- Born: March 18, 1898 Barbados, British West Indies
- Died: December 13, 1984 (aged 86) New York City, New York, U.S.
- Occupation(s): Manager at Savoy Ballroom, Publisher
- Known for: Managing the Savoy Ballroom, Co-founding Powell-Buchanan Publishing Company
- Spouse(s): Bessie A. Buchanan, Annabelle Buchanan
- Parent(s): Lillian Kachlan and James E. Buchanan

= Charles P. Buchanan =

American manager and publisher

Charles P. Buchanan was a manager at the Savoy Ballroom in Harlem, New York City. During his time as a manager, Buchanan also co-founded the Powell-Buchanan Publishing Company, along with Adam Clayton Powell Jr., with its most notable publication being The People's Voice.

== Early life ==
Charles P. Buchanan was born in Barbados in the British West Indies on March 18, 1898, to Lillian Kachlan and James E. Buchanan. Buchanan immigrated to the Bronx, New York, USA, in 1904 at six years old. He was enrolled in Rhodes Business and Prep School, becoming a real estate broker.

== Career ==
Buchanan is most recognized as the manager and secretary-treasurer of the Savoy Ballroom, serving for 32 years from 1926 to 1958. After the Savoy Ballroom closed its doors, Buchanan returned to a real estate career throughout the early to mid-1960s. Buchanan then pursued the chairman and chairman emeritus role at the United Mutual Life Insurance Company, the only black-operated licensed mutual insurance company chartered in the state of New York.

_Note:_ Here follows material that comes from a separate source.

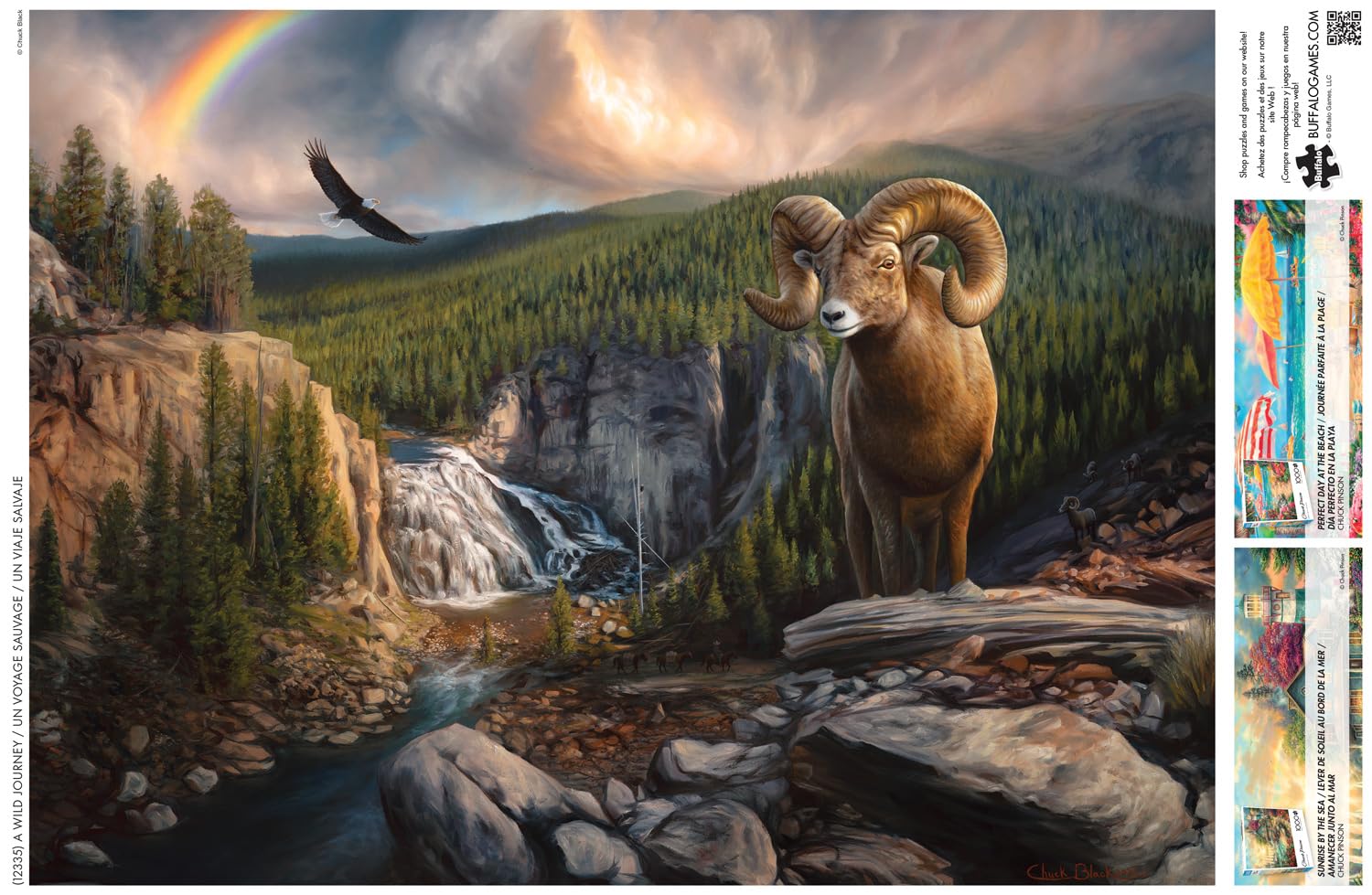 Buffalo Games - A Wild Journey - 1000 Piece Jigsaw Puzzle for Adults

While occupied, Buchanan found time to be active in organizations around New York. This includes the New York Urban League, the N.A.A.C.P. Legal Defense and Education Fund, as well as the Y.M.C.A. located in Harlem.

== Personal life ==
Buchanan had two wives. His first wife was Bessie A. Buchanan, the first African-American woman to hold a seat in the New York State Legislature when she was elected to the New York State Assembly in 1954. His second wife was Annabelle Buchanan, who survived Buchanan after his death in 1984.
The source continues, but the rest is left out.